Working capital analytics, releasing the cash in collections and inventory

The two largest pools of trapped cash in most Indian businesses are receivables and inventory. Analytics is how you free them.

June 2026 7 min read Indian Insights Company

For most distribution and consumer businesses in India, the bank balance is not limited by profit on paper. It is limited by cash trapped in two places: money customers owe you, and stock sitting in your warehouses. Working capital analytics is the unglamorous, high-return work of finding and releasing that cash.

Collections and receivables analytics

Collections in most companies run on memory and chasing.
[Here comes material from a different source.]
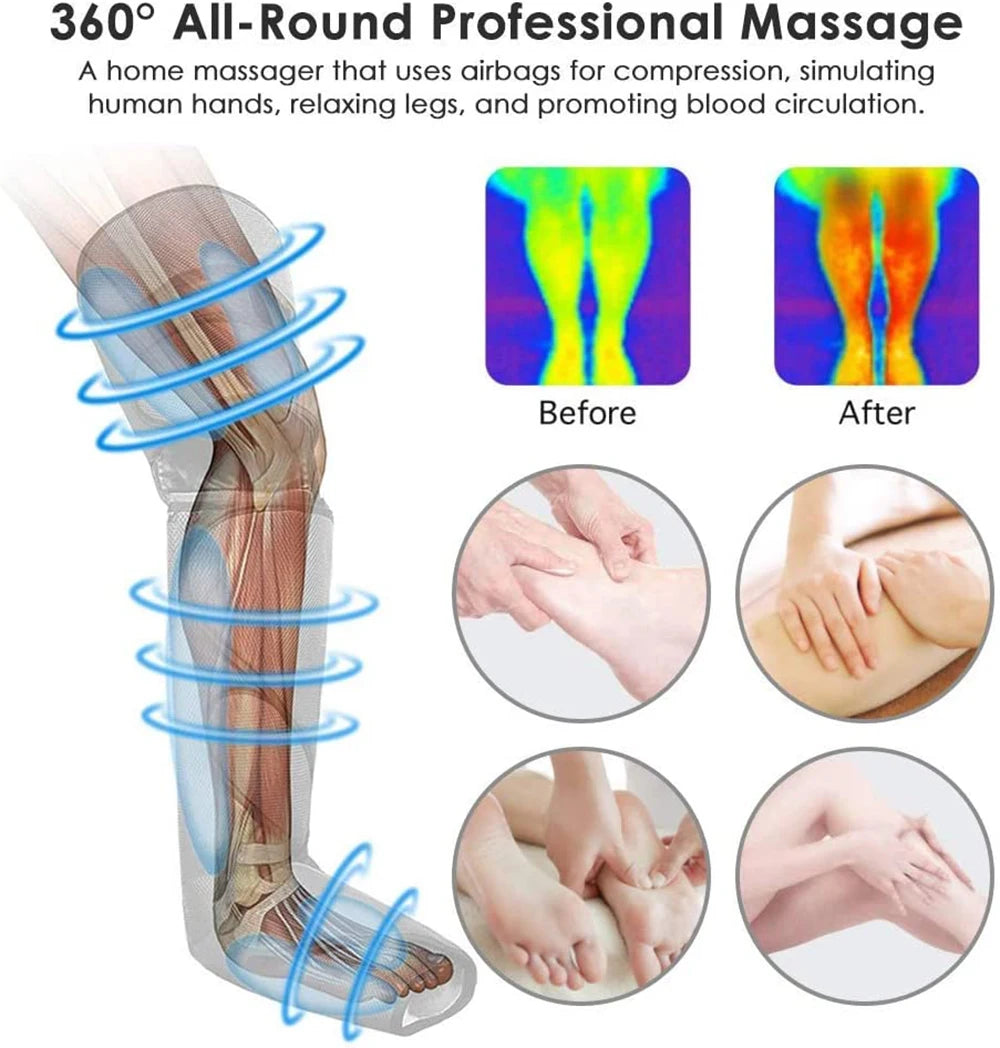 a-Relaxant électrique des muscles des jambes, 6 modes, récupération par Compression d'air,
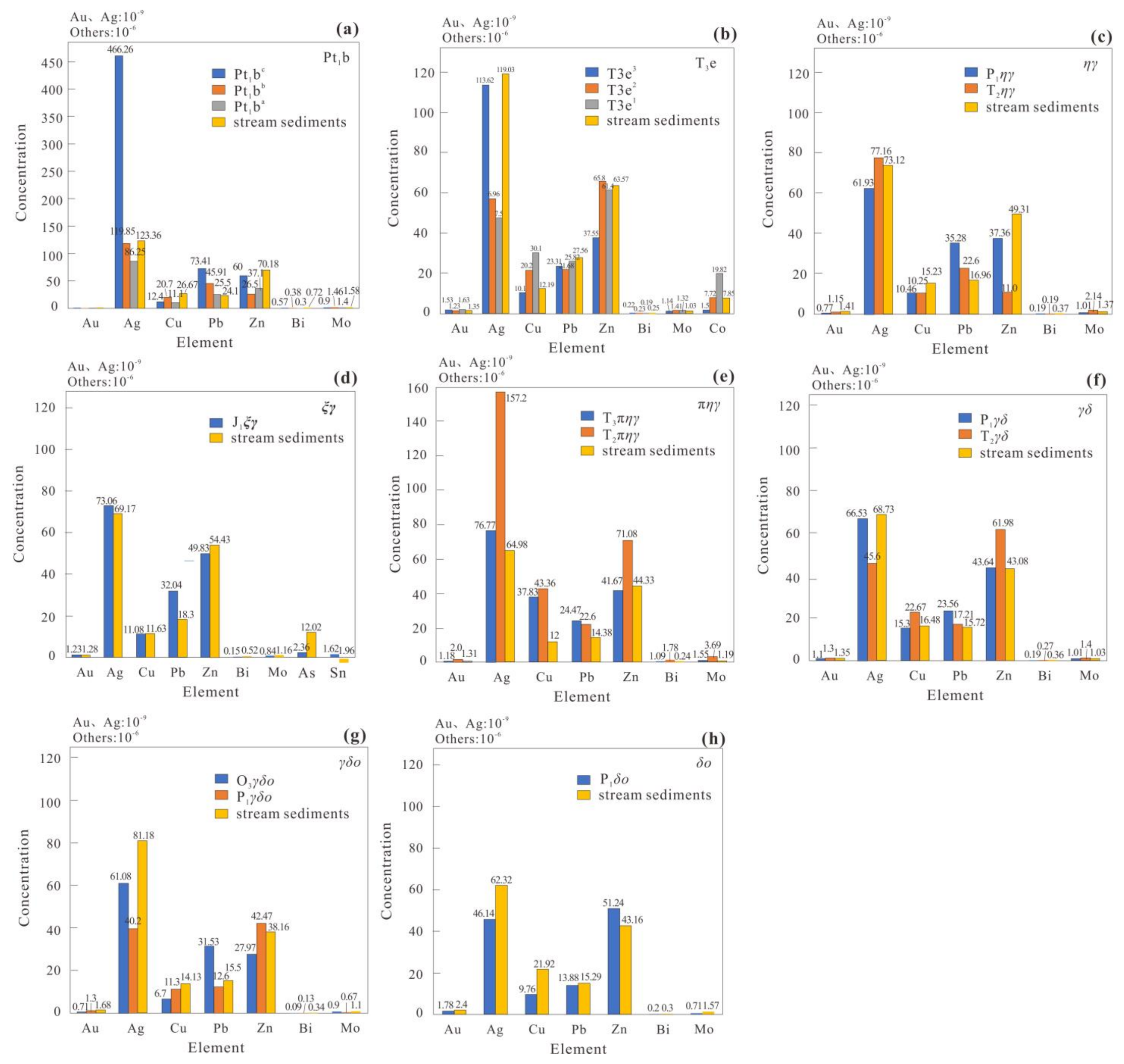 Applsci 12 02247 g004 550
Collections and receivables analytics replaces that with pattern: it learns how each customer actually pays, flags the accounts drifting before they become a problem, and tells your team who to call today and why. It also handles the messy real-world cases, one payment covering several invoices, one invoice paid in parts, advances sitting unapplied, so the receivables picture is finally accurate.

Cash flow and working capital analytics

Cash flow and working capital analytics ties receivables, payables, and inventory into one view of the cash cycle. It answers the question every founder and CFO actually cares about: where is my cash, and what would it take to get a chunk of it back this quarter. The answer is usually a short list of specific accounts to collect and specific stock to clear.

Inventory optimisation

Inventory optimisation is the other half. It separates the stock that turns from the stock that ages, sets the right level to hold for each line given how it actually sells, and flags what to clear before it becomes dead. Releasing even a fraction of slow inventory frees cash with no new funding and no new sales.

Demand and supply planning

The lasting fix is to stop the cash being trapped in the first place. Demand and supply planning analytics aligns what you buy and make with what you will actually sell, at the grain you operate at, so you carry less and stock out less at the same time. It is operational analytics for distribution that pays for itself in the working capital it never traps.

Where to start

Run the numbers on your receivables ageing and your slow-moving stock first. Those two reports usually reveal more recoverable cash than any new initiative, and they make the case for the rest of the work on their own.